Legal experts said there is no guarantee the Supreme Court will take the appeal, even if Jackson approves the government's request. The Justice Department is invoking a seldom-used law that allows cases of national importance to bypass the normal appeals process.

''The Supreme Court is not set up to wade through heavy records," said attorney Charles F. Rule, a Microsoft consultant who was the government's top antitrust enforcer from 1986 to 1989.

Rule predicted the high court would let the U.S. Circuit Court of Appeals for the District of Columbia sort out the details and identify any questions of law. The Washington-based lawyer said the process could take at least six months.

Jackson's tone - including his use of the term "guilty," not normally seen in civil cases - will be scrutinized on appeal, Rule said.

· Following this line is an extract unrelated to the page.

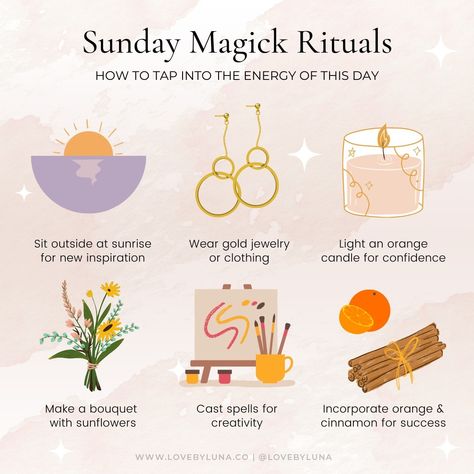 @lovebyluna shared a photo on Instagram: “Sunday Magick 🌞 Did you know that each day of the week has its own magical associations, or correspondences? Being aware of these…” • Mar 13, 2022 at 5:01pm UTC Sunday Magick, Daily Correspondences, Everyday Witchcraft, Magick Rituals, 4 Witches, Witches Kitchen, Witch Rituals, Social Media Website, Witchcraft Spells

''What's troubling is, the judge seems to suggest he is imposing this remedy because Microsoft has indicated it intends to exercise its right of appeal. That's certainly not a basis for imposing punishment," said Rule.

Microsoft will oppose any short cut to the Supreme Court, said William Neukom, the company's lead attorney. His preferred battleground is the appellate court, where Jackson was overturned in a prior Microsoft decision. Analysts say a lengthy appellate review also would buy Microsoft precious time, both to gain footholds in new markets and to welcome a new president who might drop the entire case.

The most tenacious fight is likely to involve disclosure of Microsoft's Windows source code, said Nicholas Economides , a professor of economics at New York University. "Giving away the source code is definitely a no-no for them," he said.

Economides questioned the consumer benefits of a breakup. He doubts a new Microsoft applications company can create an operating system to challenge Windows, which runs 90 percent of the world's personal computers. Nor does he see the free Linux operating system posing a serious threat. And consumers may wind up paying for the Internet Explorer browser, which they now get for free.

''It fails in all respects," he said of the breakup.

But Attorney General Janet Reno begged to differ. She said the ruling will have a profound impact, "not only by promoting competition in the software industry but by reaffirming the importance of antitrust laws in the software era."